Alan Dershowitz: Maxine Waters’ Comments Were ‘Borrowed’ From The ‘Playbook Of The Ku Klux Klan’

 

Harvard law professor Alan Dershowitz on Monday slammed Congresswoman Maxine Waters’ (D-CA) comments about activists needing to “get more confrontational” if the jury in the George Floyd trial did not find officer Derrick Chauvin guilty in Floyd’s death.

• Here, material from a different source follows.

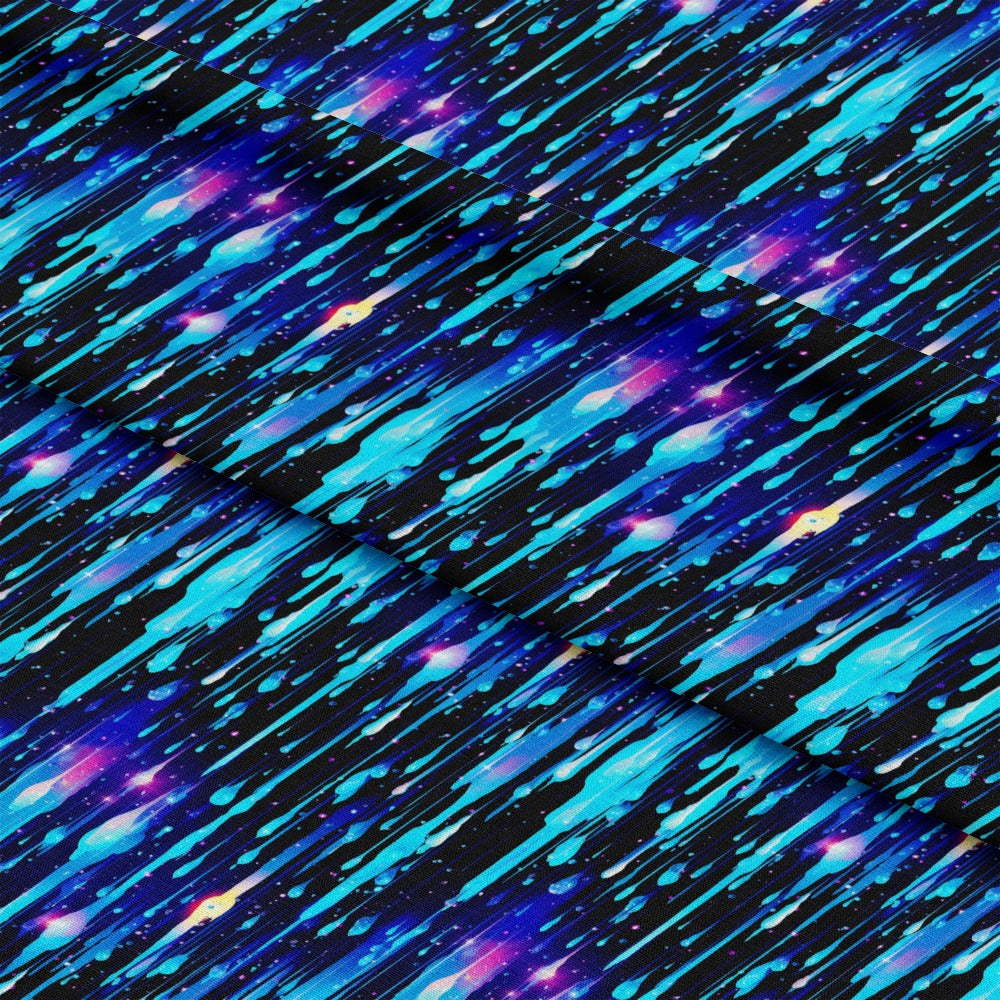 mockup-lying (auto)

According to Dershowitz, Waters’ comments were straight out of the KKK’s “playbook.”“You know, when you think about the irony of what Congresswoman Waters did, she borrowed the playbook of the Ku Klux Klan from the 1920s and 1930s. They would stand outside of courtrooms and they would threaten violence if any jury would ever acquit a black person or convict a white person,” the attorney explained, according to Mediaite. “Now we’re seeing exactly the opposite. We’re seeing mobs outside the courthouse and we’re seeing members of Congress, just like the Klan had governors and senators and very prominent public officials, demanding verdicts in particular cases. And now we have a member of Congress demanding a verdict in a case.”

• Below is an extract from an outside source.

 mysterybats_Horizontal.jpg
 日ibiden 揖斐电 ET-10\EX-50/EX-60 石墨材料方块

The professor said the judge in the case should have issued a mistrial over Waters’ remarks. Instead, the judge decided to allow the appellate court to make that decision, something Dershowitz believes was due to the public’s reaction.

“…if he declared a mistrial there’d be riots in the streets and he’d be blamed for it. The true blame would be on Waters but he would be blamed for it,” the professor explained.

Dershowitz pointed out that the case is complex and Waters was attempting to influence the jury.

“Her message was clearly intended to get to the jury: ‘If you will acquit or if you find the charge less than murder, we will burn down your buildings. We will burn down your businesses,” he explained, as Newsweek reported. “We will attack you. We will do what happened to the witness—blood on their door.'”

“This is a very close case on what degree of homicide is involved if the jury gets beyond the issue of causation,” he said. “This is not a simple case of looking at a video. There’s causation, issues of intent, and other issues in the case that the judge instructed the jury on.”

House Minority Leader Kevin McCarthy (R-CA) introduced a resolution to censure Waters for her comments. The motion to table the full floor vote passed, with no Democrats defecting.

As The Daily Wire reported, the jury in the Chauvin trial reached a verdict shortly after noon on Tuesday. The former officer was found guilty of second-degree murder, third-degree murder, and second-degree manslaughter in the death of George Floyd.